The Rim is an escarpment defining the southwestern edge of the Colorado Plateau, and along its central and most spectacular portions is characterized by high limestone and sandstone cliffs. It was formed by erosion and faulting, and dramatic canyons have been cut into it, including Fossil Creek Canyon, and Pine Canyon. The name Mogollon comes from Don Juan Ignacio Flores Mogollón, Spanish Governor of New Mexico from 1712-1715. (Wikipedia) Wickipedia give the pronunciation as something like maheyon. We didn’t stay here long enough to actually ask someone how they say it here. I suspect that pronouncing it in pure Castillian Spanish would get you a blank stare. At first glance, one is inclined to say Mongolian.

And of course, the town of Show Low requires and explanation as to its name.
According to 2005 Census Bureau estimates, the population of the town is 10,000 with 25% of them having Mormon heritage, which doesn’t exactly square with the origin of the name: ( again from Wikipedia):

According to the legend, the city was named after a marathon poker match, where the stakes were a 100,000 acre (400 km²) ranch. After no one seemed to get the upper hand, one player decided to end the contest by declaring to the other, "show low and you win". The other player produced a deuce of clubs (the lowest possible card) and won the ranch. Show Low's main street is named "Deuce of Clubs" in remembrance.

And its best trick is being about 150 miles from Phoenix, and usually having temperatures 30 degrees cooler. We do some geocaches, walking in piney forests, and in gravely cedar groves. One cache is on the Rim, and to the west we can see rolling forested hills, while under our feet are sandstone cliffs, another cache is up a rocky hillock that could easily be in the Hill Country of TX, except that the rocks tend to be reddish. Above the town, we walk to a wetlands area created by the waste water plant that is full of ducks in the right season. The water has made it greener, but under foot are loose volcanic lava stones that make walking difficult. These are the same lava rocks that are used in gas grills, and as a landscaping stone ground cover. Funny to be walking on, and tripping over, the same rocks people spend money on in other parts of the country.

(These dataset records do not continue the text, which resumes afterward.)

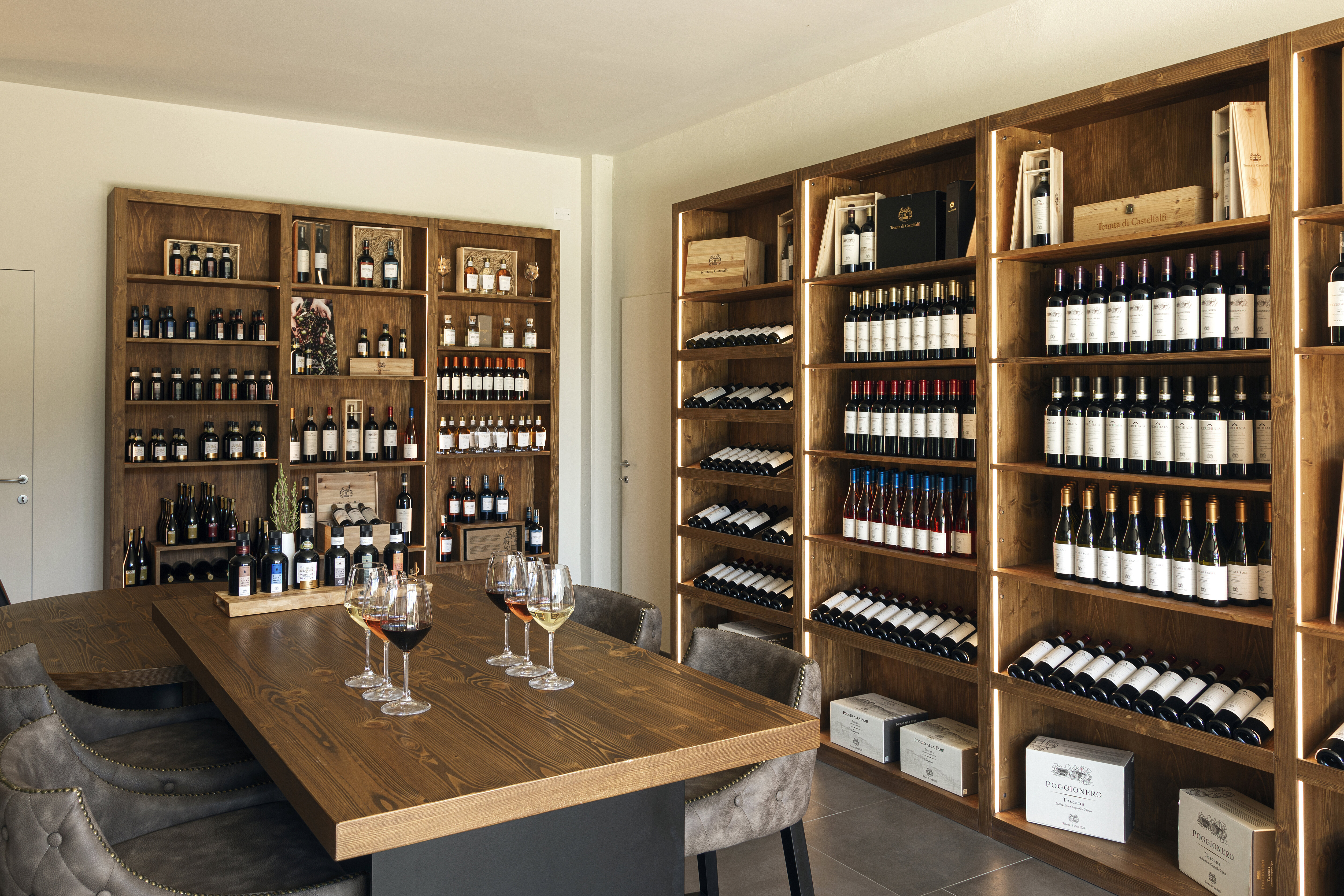 Castelfalfi wine tasting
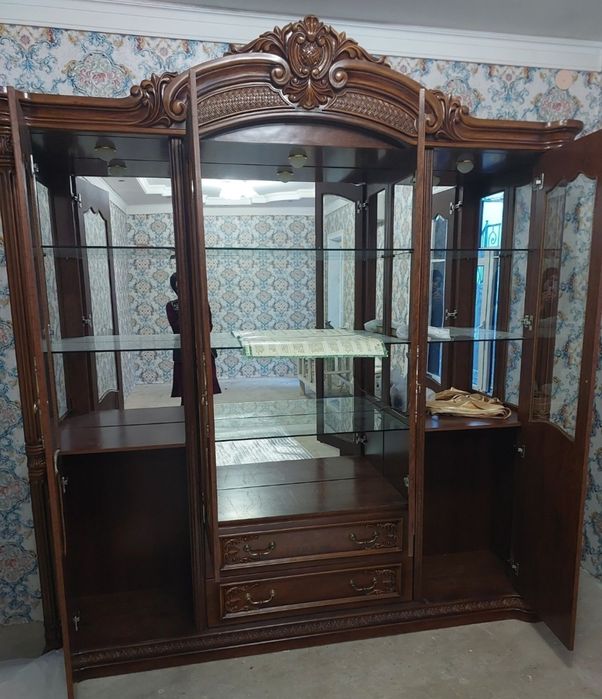 Mehmon hona uchun stenka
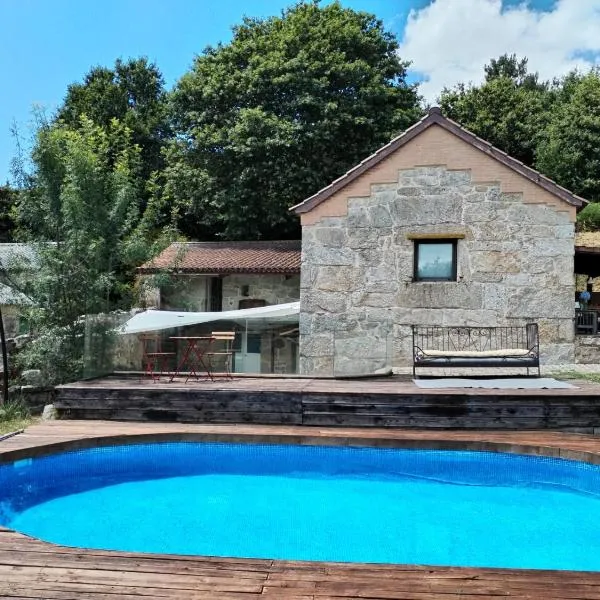 A Casa do outeiro，位于蓬特亚雷亚斯的酒店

There are elk tracks and poop among the rocks, and every now and then a pick up will have skinny elk legs sticking up out of the bed. The mountain highways are full of elk warning signs, a better picture on them than the more familiar deer signs. Hitting a deer is bad enough, but elk are pretty big, probably big enough to cause a fatal accident like the deadly moose further north. We saw two dead ones by the side of the road, so the warnings are for real.